Key informants' narratives hint at various developments that led to the second, much broader, shelling mechanization wave that began around 2010 and coincides with the government's Kilimo Kwanza initiative to transform and commercialize Tanzanian agriculture. An expansion of agriculture combined with the increased use of improved seeds created a demand for post-harvest mechanization. At the same time, the growing number of mechanics and local manufacturers benefited from the spread of electricity. They began to engage in the fabrication of agricultural equipment, such as small shellers which are operated with portable engines and can be carried on oxcarts or motorcycles. A different group of shelling entrepreneurs emerged: people who employ these machines to serve small-scale farmers, including some in remote villages. A woman agricultural engineer explained in the interview: ‘There are women who run these shelling businesses, but they are not in the front line of operation. They will employ men.’ Other respondents confirmed the persistent belief in men's ‘superior’ operation skills, but saw it challenged by a (slowly) growing number of women mechanics who have graduated from vocational training centers and development interventions promoting gender-sensitive mechanization (such as the USAID-funded ‘Innovations in Gender Equality’ program).

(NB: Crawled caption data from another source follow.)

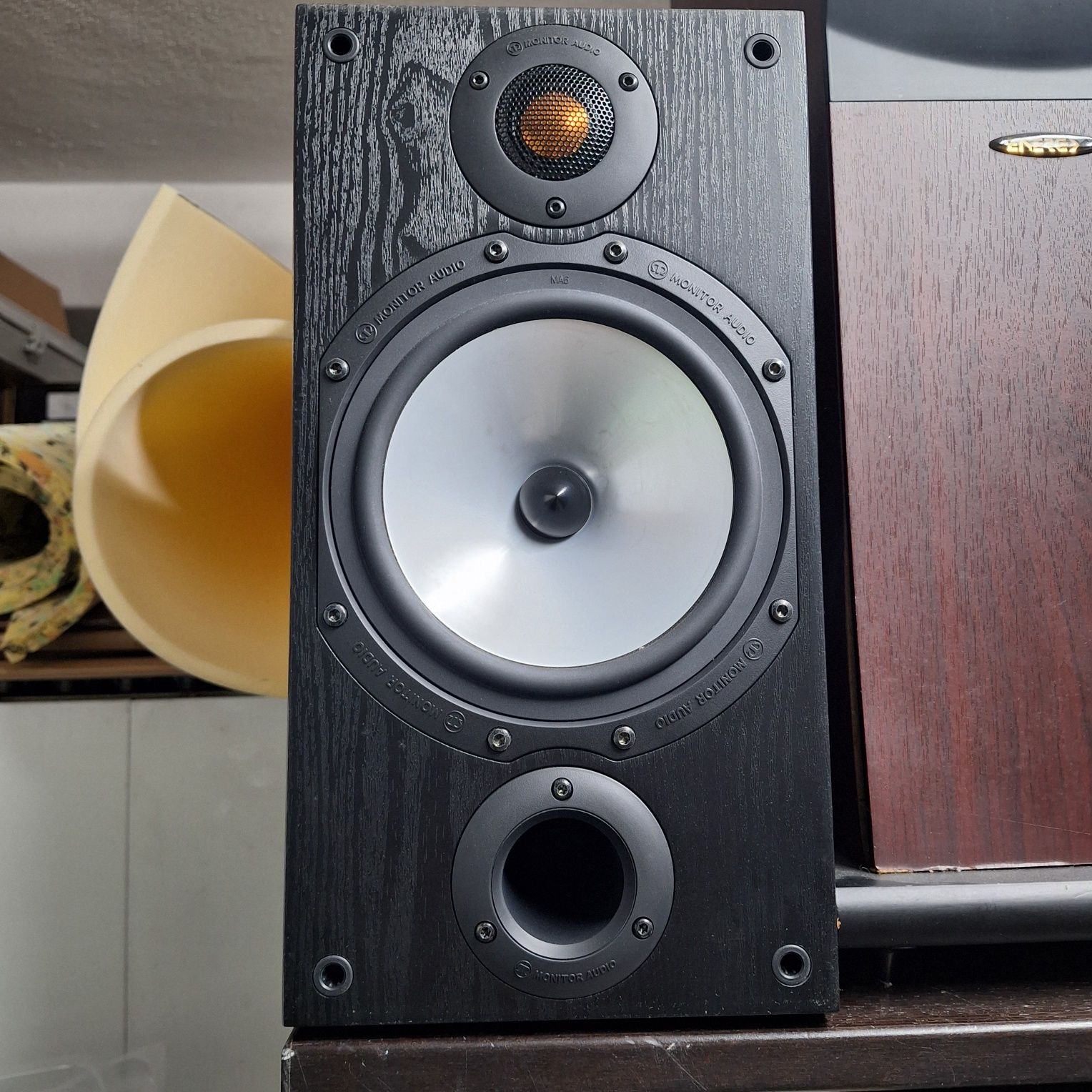 Colunas Monitor Audio MR2 impecaveis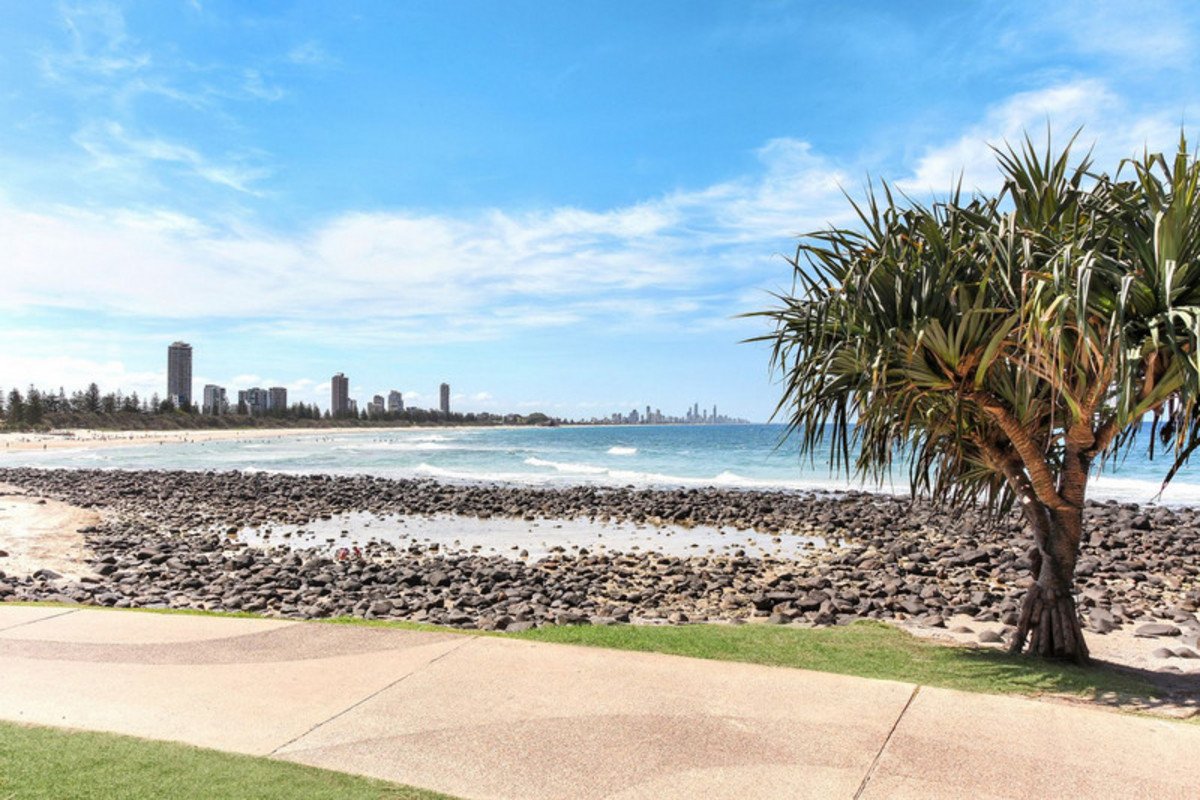 11/1931 Gold Coast Highway Burleigh Heads 15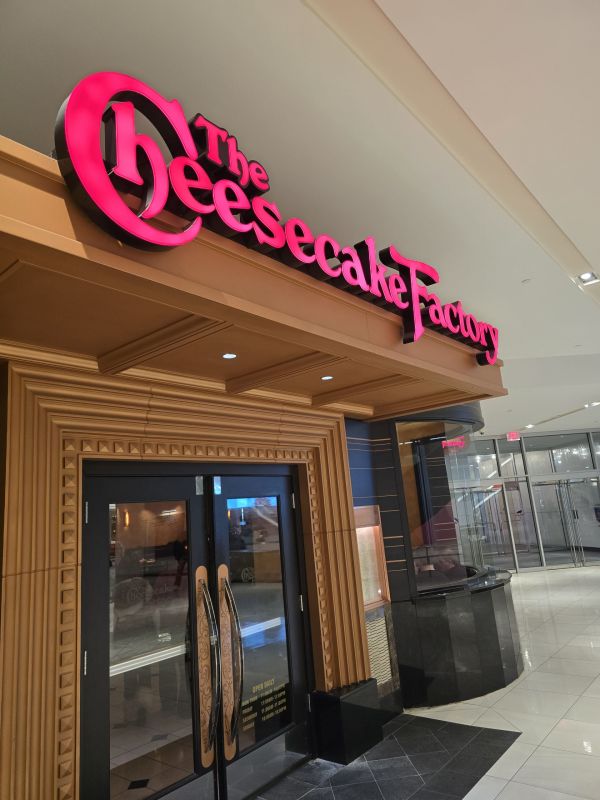 Channel letter signs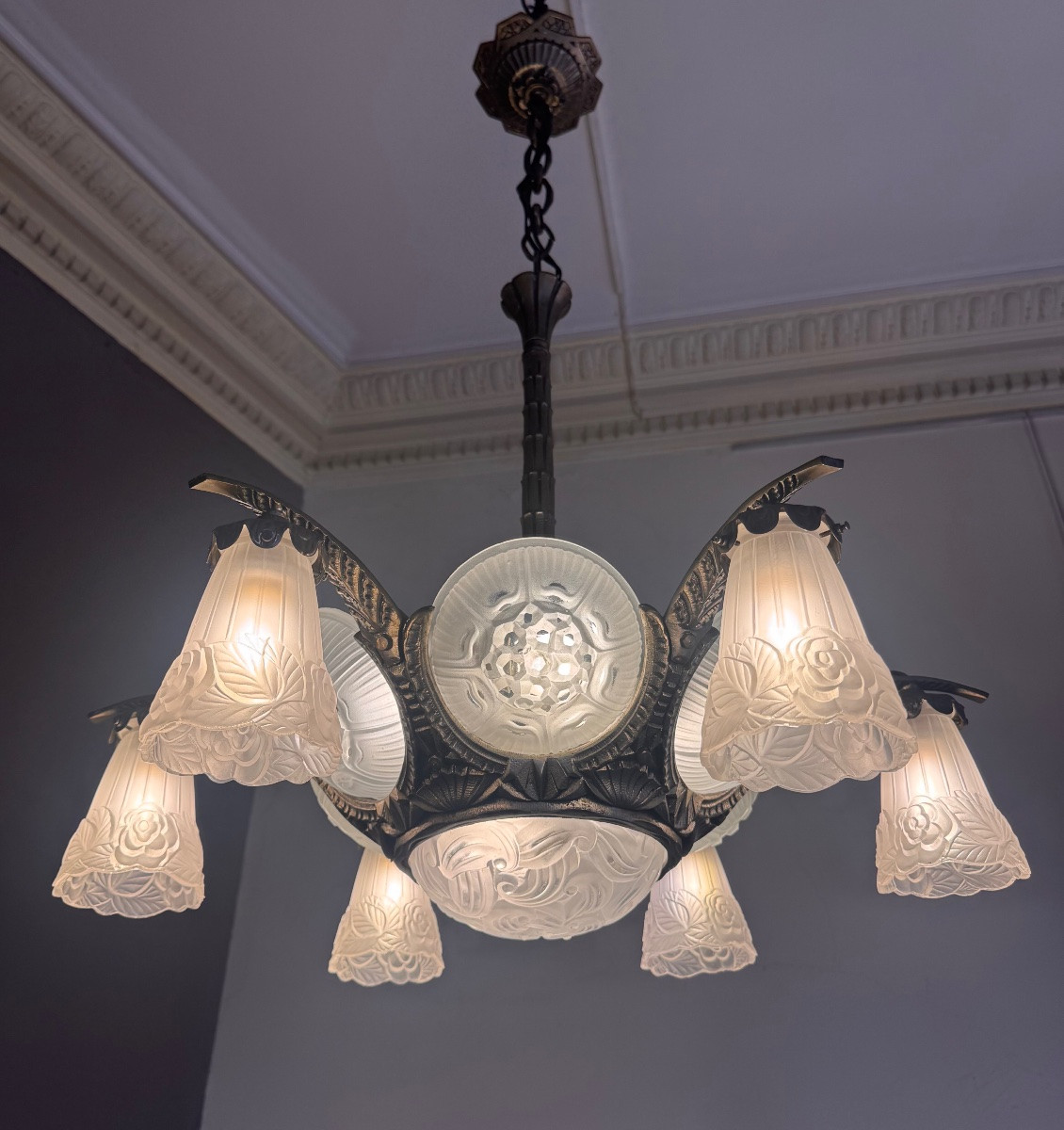 Belgian Art Deco Chandelier With Six Tulip-shaped Shades / Six Glass Portholes / A Central Cup (1930s)-photo-1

How does this historical sketch relate to farmers' general experience of mechanization in the study area? Respondents reported that they had most experience of mechanization in relation to motorized and animal-drawn land preparation methods for the cultivation of maize (56.6%), cowpeas (14.7%), groundnuts (9.6%) and roots and tubers (9.2%). Before the interview almost all respondents (99.4%) had either seen or heard about motorized maize shellers. In terms of actual use, more than a quarter had never used the machine (26.2% of the men, 27.0% of women in MHHs and 33.8% of the women heads). Differences between respondent categories are statistically not significant. Several key informants mentioned a correlation between income and machine use for all household types, namely less machine use by low-income households. This is confirmed by the survey (Table 1) where machine users had on average higher annual household incomes (US$779 vs 400), were younger than non-users (45 years vs 49 years) and had more years of schooling (6.11 years vs 4.83 years)—all results being significant at 1–5% alpha level. Kiteto had the highest number of machine users (86.3%), followed by Babati (70.3%) and Kongwa (58.8%). The lower number of users in Kongwa could be due to the more pronounced cultivation and consumption of sorghum and millet in this district as compared to the other districts (for regional differences, see URT, 2017). Most respondents (71.3%) had employed the machine for the first time in the 3 years preceding the study (2014–2016). A few individuals dated their first mechanized shelling activities back to 1982. It is against this background that we examine gender dynamics at the household level below.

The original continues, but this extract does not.